Reproduce the data below in full and to the letter, images excepted.

SUPPLIED INFORMATION section start

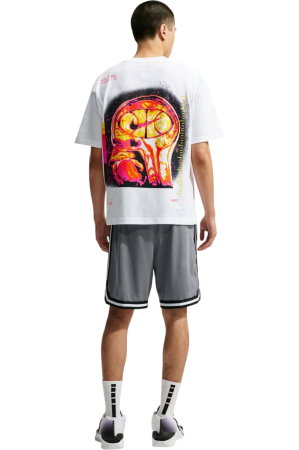 Tricou NIKE M90 Summit Brain - IM5291-100 [4]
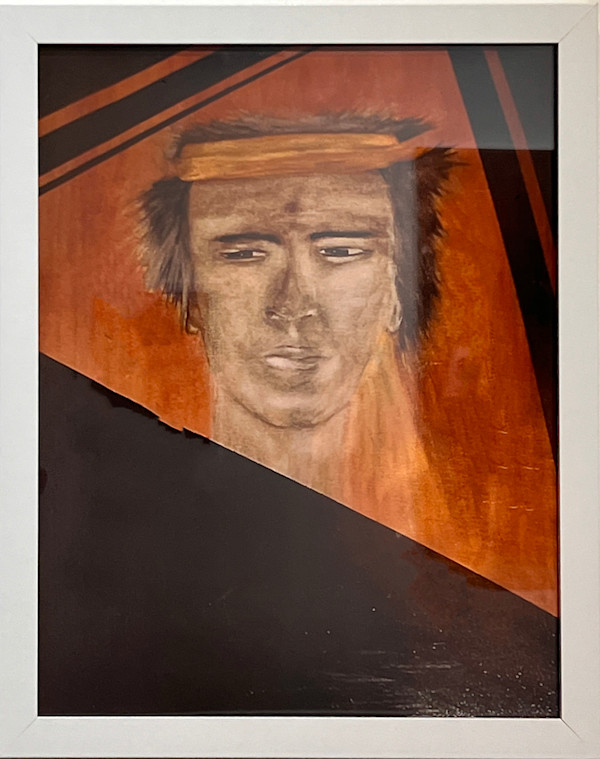 Donna Indiana by Liliana D’Ambrosio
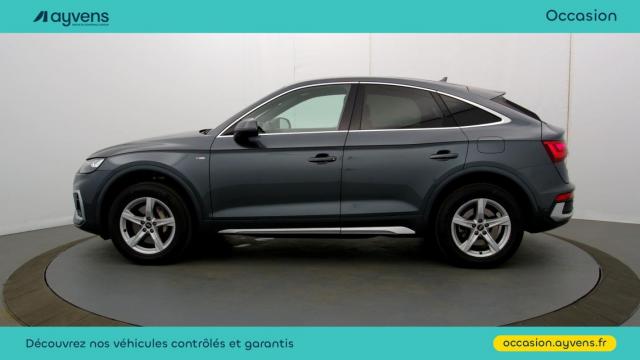 Audi Q5 Sportback image 2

SUPPLIED INFORMATION section end

**SOLUTION**
 Tricou NIKE M90 Summit Brain - IM5291-100 [4]
 Donna Indiana by Liliana D’Ambrosio
 Audi Q5 Sportback image 2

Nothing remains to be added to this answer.